Since Bermuda is an island, the sea often provided the only meat the slaves’ diet afforded. A great variety of fresh fish was easily caught along the shore by men with hooks, lines and nets. Fishermen ventured further out to, and past, the reefs in the shallops. The favourite meat from the sea was ‘sea beef’, the name given to the fleshy portions of humpback whales, captured off Bermuda from March throughout June. The meat was salted and dried, but the more delicate parts were dressed, so that they lost their fishy flavour and were eaten as tender veal. Salted codfish caught in the Grand Banks off Newfoundland became a staple in the slave diet, not only in Bermuda but throughout the West Indies. On land hominy and loblolly were made from corn or maize. The heart of the palmetto was eaten raw as a salad and cooked like cabbage. Slaves also ate the ripe palmetto berries, a highly nutritious fruit.
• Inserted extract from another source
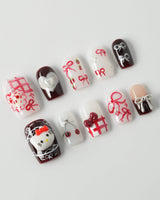 KT Cake press-on nails in short square with playful dessert accents and glossy gel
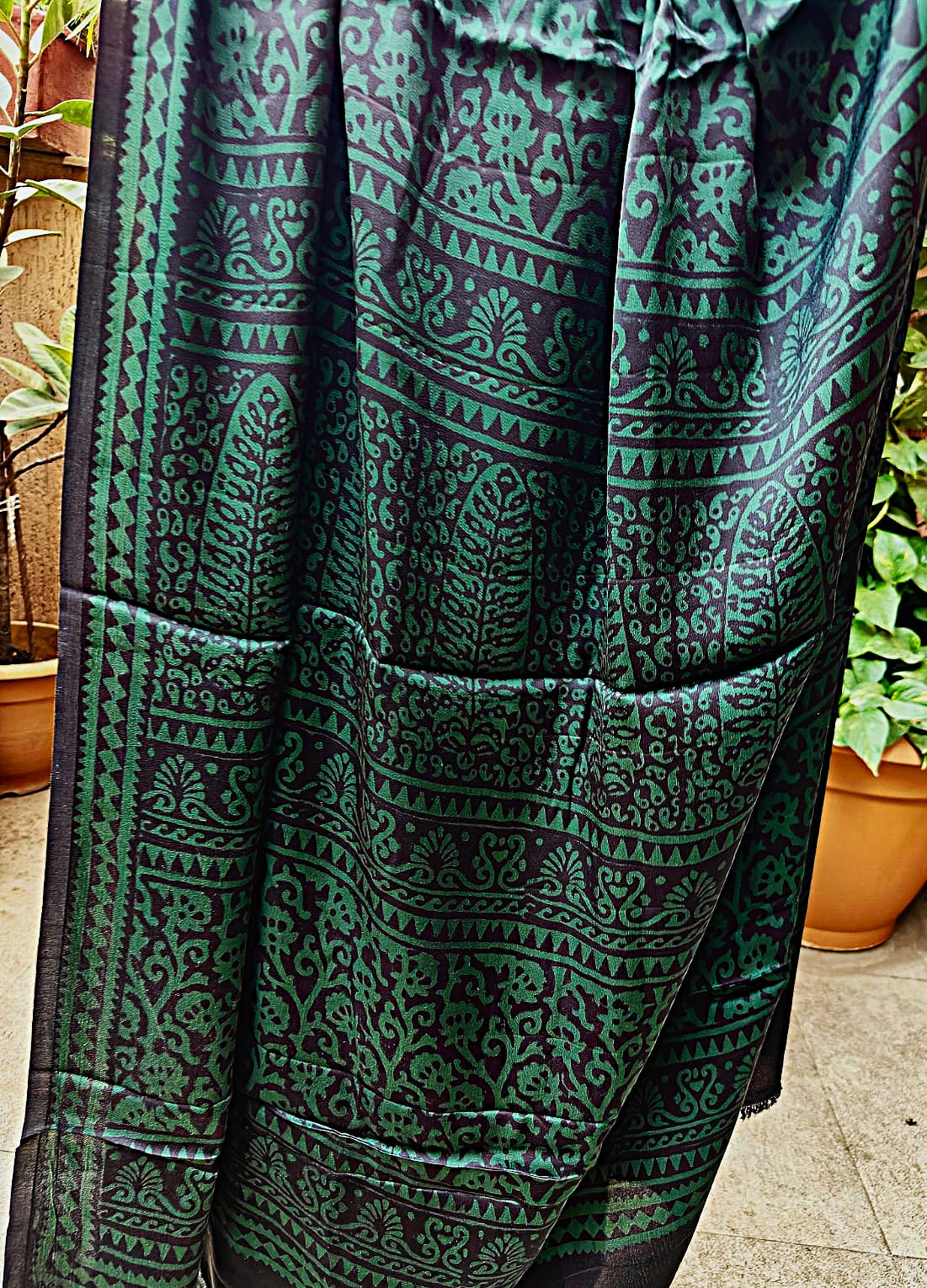 Intricately designed pallu of a handmade Bagh block print Green Modal silk saree featuring classic border patterns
The purple berries from the numerous cedar trees were eaten as well. Barley was boiled into a thick jelly and eaten as a barley broth. Slave cooks were experts at making puddings and cakes from arrowroot. Cooks held the most envied position among house servants because they could hide food and kitchen commodities for their own or their family’s consumption. Mary Prince was often fed potatoes and milk for her supper meal. When she raked salt for several years on Turks Island, her food consisted of raw Indian corn, which was pounded in a mortar and boiled in water to make a corn soup called blawly. Ground nuts or peanuts were a favourite with slaves who preferred them roasted. Cassava pie, a standard dish at Christmas, had already become popular before 1830.

Slaves usually wore their masters’ cast off clothing. A coarse, heavy cotton used in making sacks – known as osnaburg was worn by male and female slaves. During the cold winter months, slaves dressed themselves in a “variety of strange garments” to keep warm. In spite of severe restrictions female slaves really dressed up for holidays and funerals, much to the consternation of their owners. Shoes, however, were a luxury, therefore most slaves went barefoot. If a slave was lucky enough to own a pair of shoes, they were highly prized and worn on special occasions only – to church, to weddings, to funerals. Often a slave carried his shoes to an event slung over his shoulders, worn only at the event, then immediately taken off.

 

A group posing for the camera at a boat landing in Salt Kettle. The house in the background stands on Musson’s Point, circa 1880

 

Slaves were kept busy from sunrise to sunset, especially house slaves. A detailed account of the chores a house slave performed can be found in Mary Prince’s narrative. She was required to wash and bake, pick cotton and wool, wash floors, and help with the cooking. The family’s slave cook carried out these additional tasks – milk the cows, fetch and pen up the sheep, drive home the cattle and stake them out, feed and rub down the master’s horse, feed the hog; plus prepare the beds, undress the children and put them to sleep. After the latter’s death, Mary had to milk eleven cows before sun-up, take care of the cattle as well as the children, and also do the housework.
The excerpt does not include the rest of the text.